6. An Intuitive and Rationalist Interpretation of Bayes’ Theorem

6.1. Without Assumptions, There Can Be No Predictions

The small thought experiment we’ve discussed shows us something important. It’s very hard, and in fact impossible, to perform predictions without a large amount of background knowledge on the system that we study.

This leads to an important consideration, which is the foundation for the rationalist interpretation of Bayes’ theorem. We can’t perform any predictions at all unless we have prior assumptions on the general behavior of a system.

If we have those assumptions, those a prioris with Bayesian terminology, we can then perform predictions. Our predictions then become as valid as the validity of the underlying assumptions.

6.2. Assumptions Are Good but Use Them in Moderation

A subtle problem, common to both human and machine classifiers, is the one that relates to high confidence in a prioris. By increasing the number of assumptions or our reliability on them, we generally increase the accuracy of our predictions. After a certain point, however, this is problematic.

More prior assumptions or higher confidence in them generally prevent the acquisition of new knowledge. In machine learning terms, it leads to the overfitting of the model on the training dataset and to poor capacity for generalization.

6.3. The Middle Way Is the Best Way

We can then draw the following conclusion. We learned that both absolute trust in our knowledge and absolute ignorance should be avoided. The way forward is to then have a certain amount of confidence in our own knowledge but to remain willing to update it as new evidence emerges in favor or against it.

This rationalist interpretation of Bayes’ Theorem applies well to Naive Bayesian Classifiers. What the classifier does during training is to formulate predictions and make hypotheses. These are then tested against observations (the training dataset), and discrepancies between observations and predictions are noted.

The classifier then increases or decreases its confidence in those hypotheses according to whether the evidence supports or refuses them.
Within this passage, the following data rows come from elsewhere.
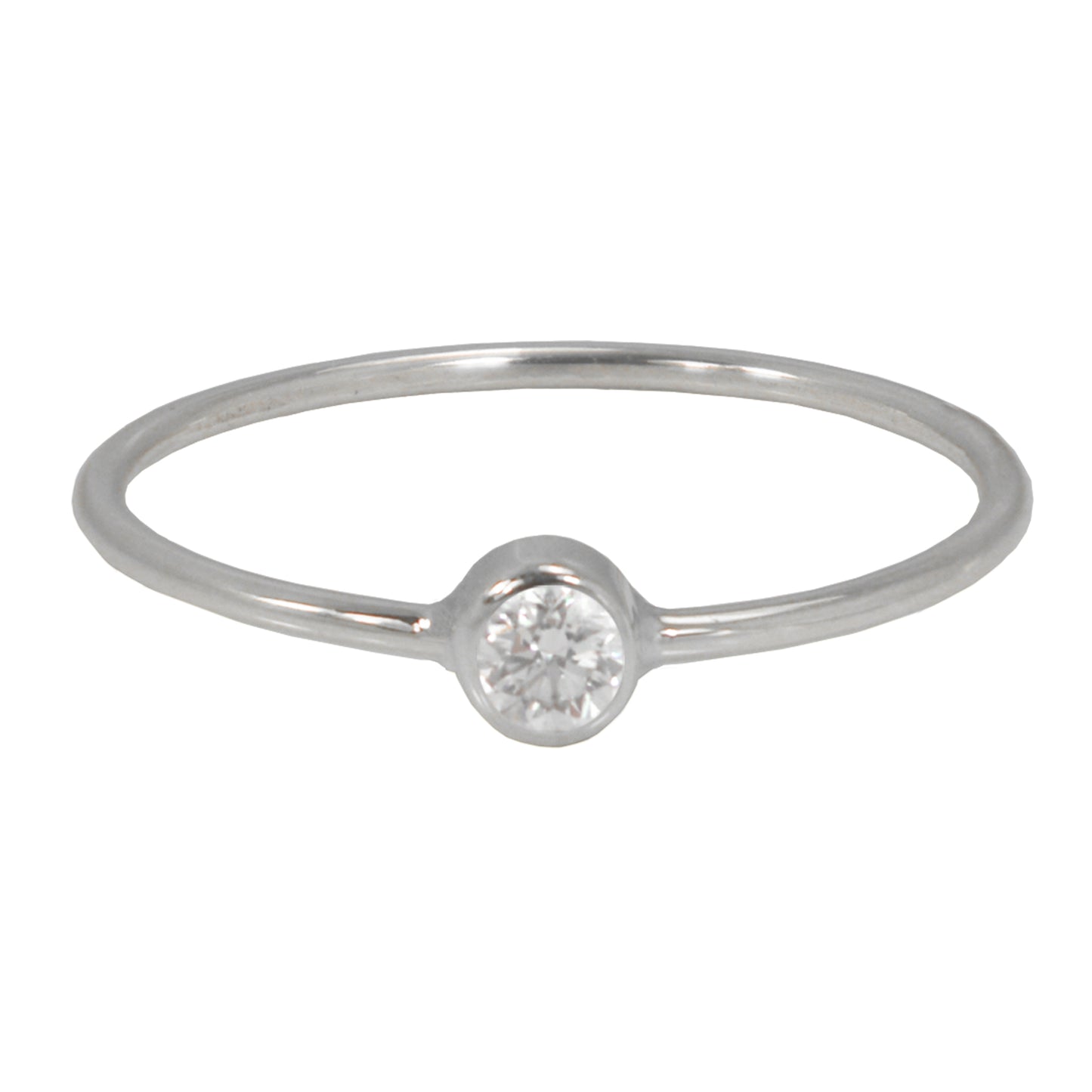 Diamond Bezel Ring in White Gold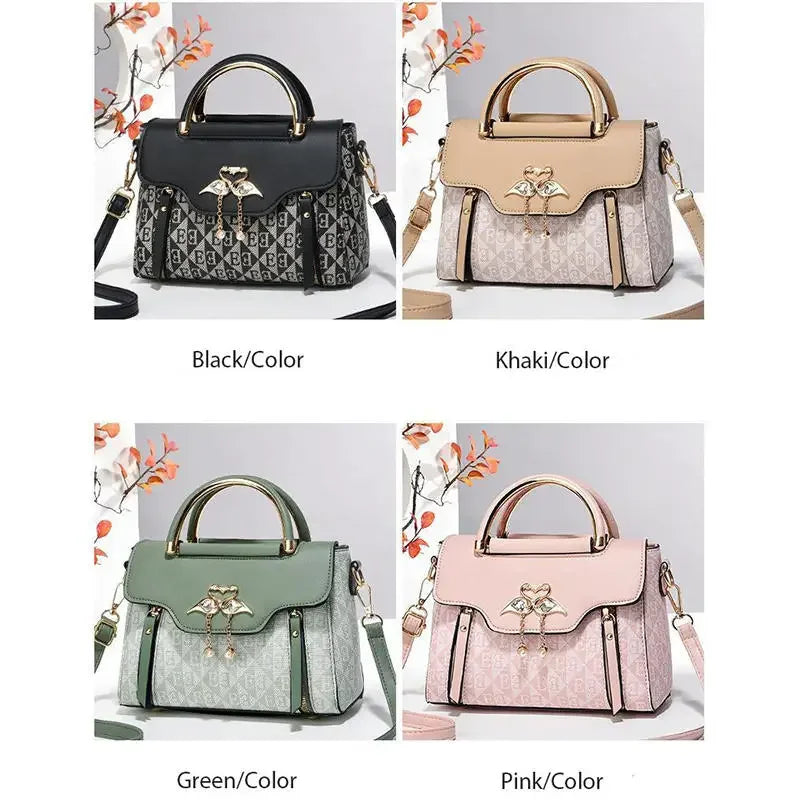 Four stylish handbags: a black embossed bag, a khaki bag with gold accents, a green bag with gold handles, and a pink bag.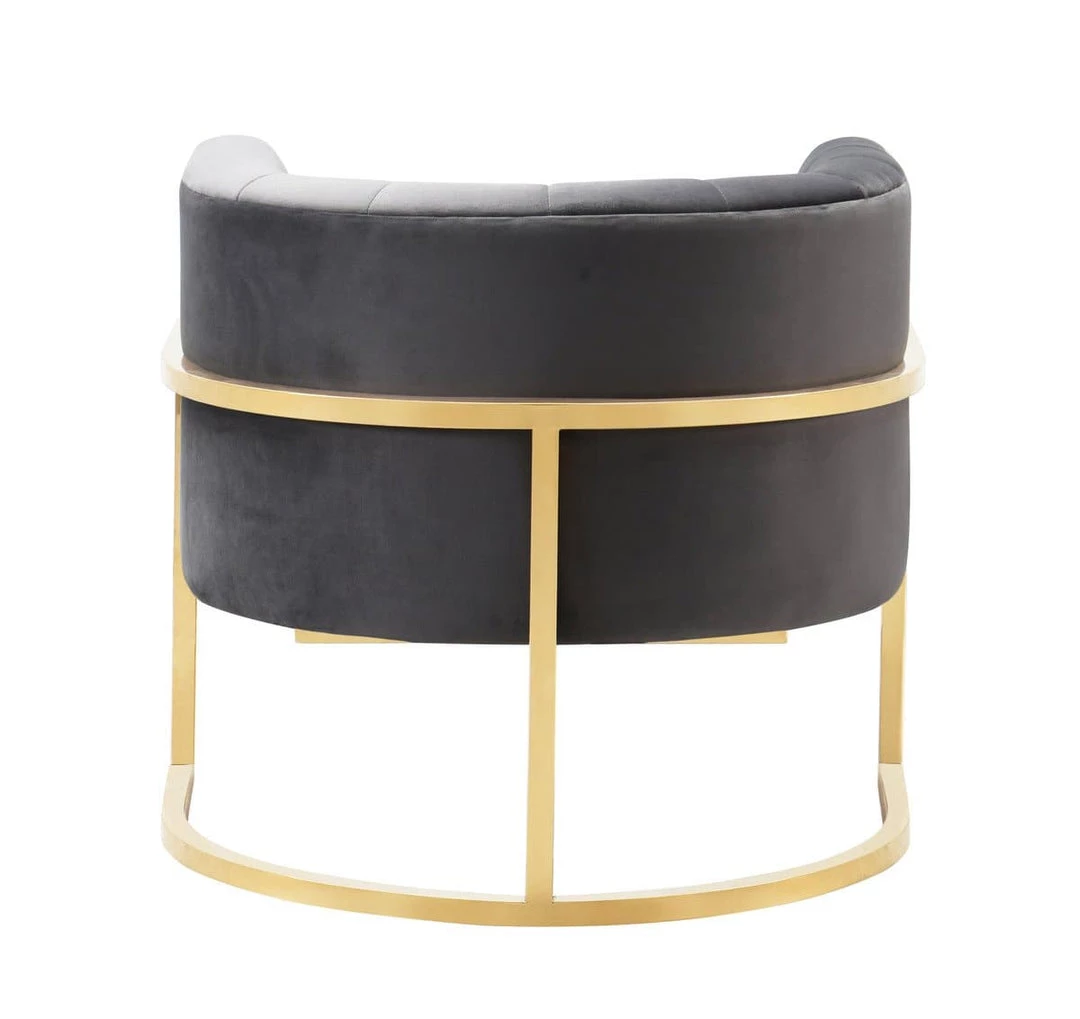 TOV Magnolia Velvet Accent Chair Gold Base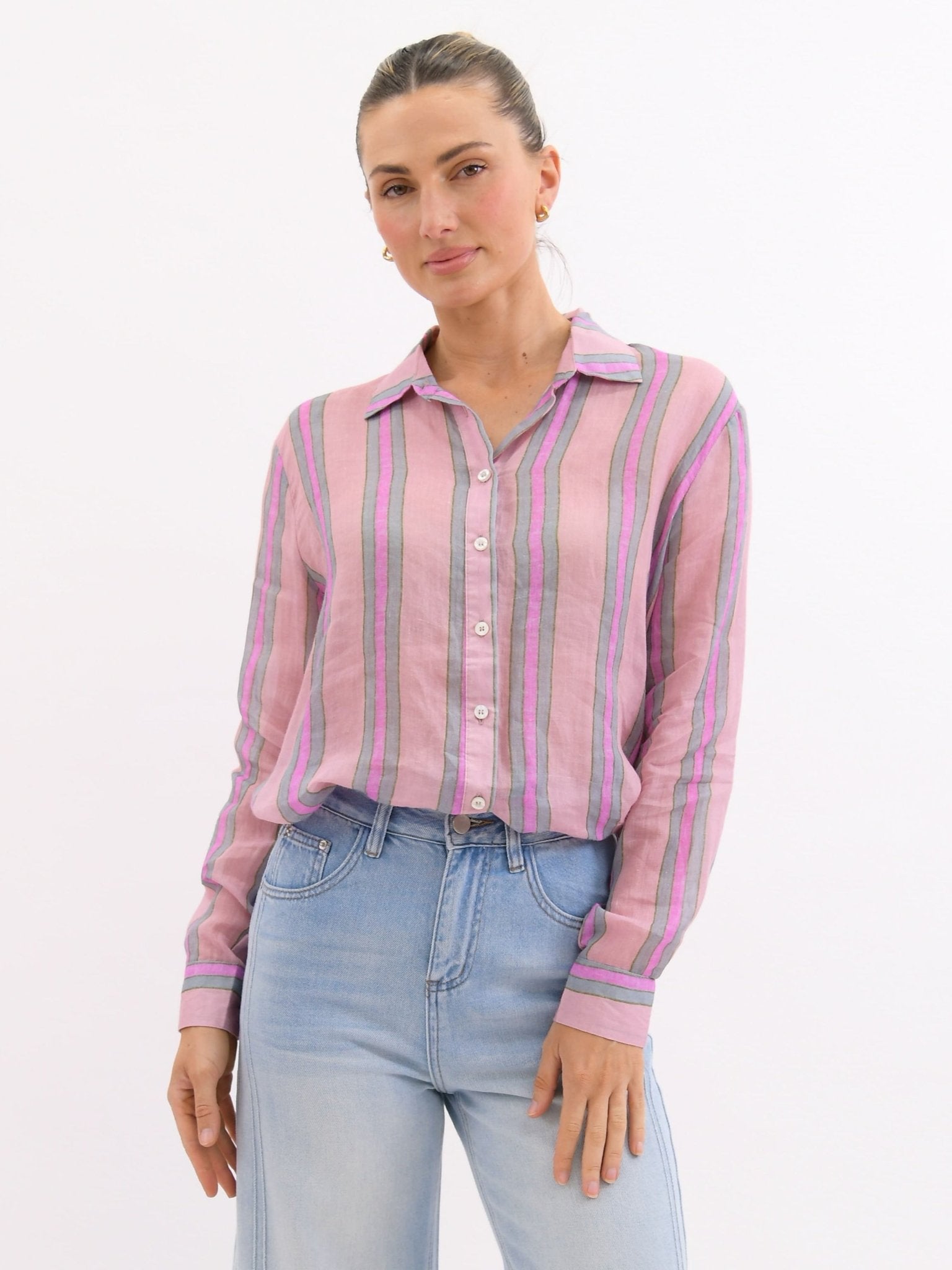 Buy Worthier The Label - Pink Stripe Linen Shirt by Worthier - at Hamish + Grace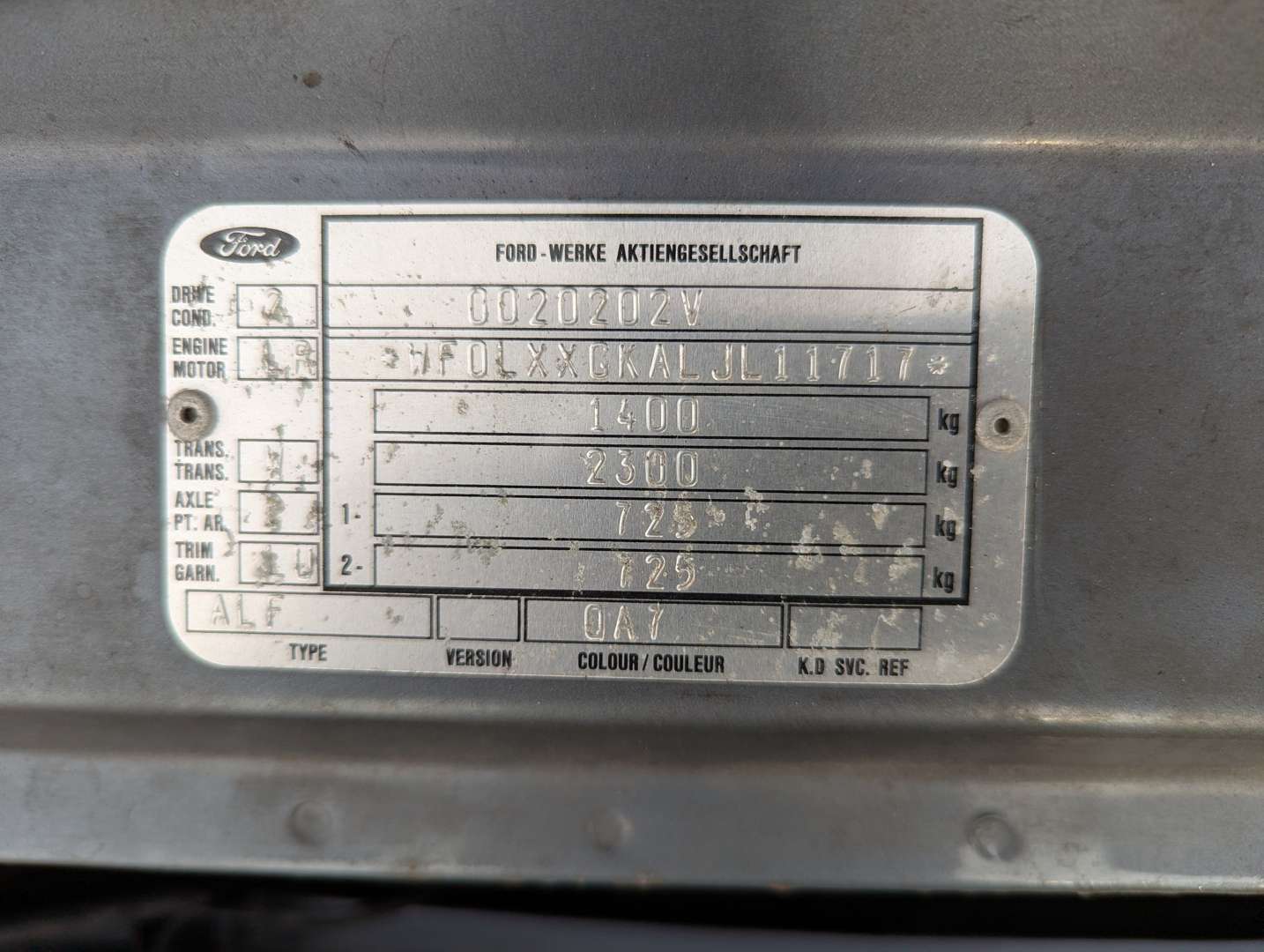 <p>1989 FORD ESCORT 1.6I CABRIOLET</p>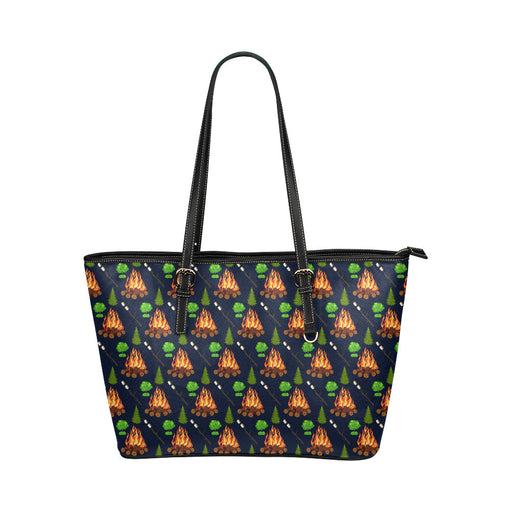 Camfire marshmallow Camping Design Print Leather Tote Bag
7. A Bernoulli Naive Bayesian Classifier

If we’re interested in trying out this corpus in a simulation of their own, the following code uses Python 3+, Pandas and skLearn, to implement Bayes’ Theorem to learn the labels associated with the sample corpus of texts for this article:

import pandas as pd
from sklearn.feature_extraction.text import CountVectorizer
from sklearn.naive_bayes import BernoulliNB
corpus = ['the cat is on the table','the dog is in the room','the table is in the room','the cat is not a dog',
    'the cat and the dog are in the room','the room is not a table']
labels = ['animals','animals','not_animals','animals','animals','not_animals']
df = pd.DataFrame({'Texts':corpus,'Labels':labels})
cv = CountVectorizer(token_pattern='\w+')
BoW = cv.fit_transform(df['Texts'])
classifier = BernoulliNB()
classifier.fit(BoW,df['Labels'])
predictions = classifier.predict(BoW)
df['Predictions']=predictions
print(df)

Screenshot 2020-06-12 Naive Bayes

8. Conclusions

Bayes’ Theorem states that all probability is a conditional probability on some a prioris. This means that predictions can’t be made unless there are unverified assumptions upon which they are based.

At the same time, it also means that absolute confidence in our prior knowledge prevents us from learning anything new.

The way forward is therefore the middle. With the middle way, we update our knowledge on the basis of new evidence that arises in support or contradiction of it.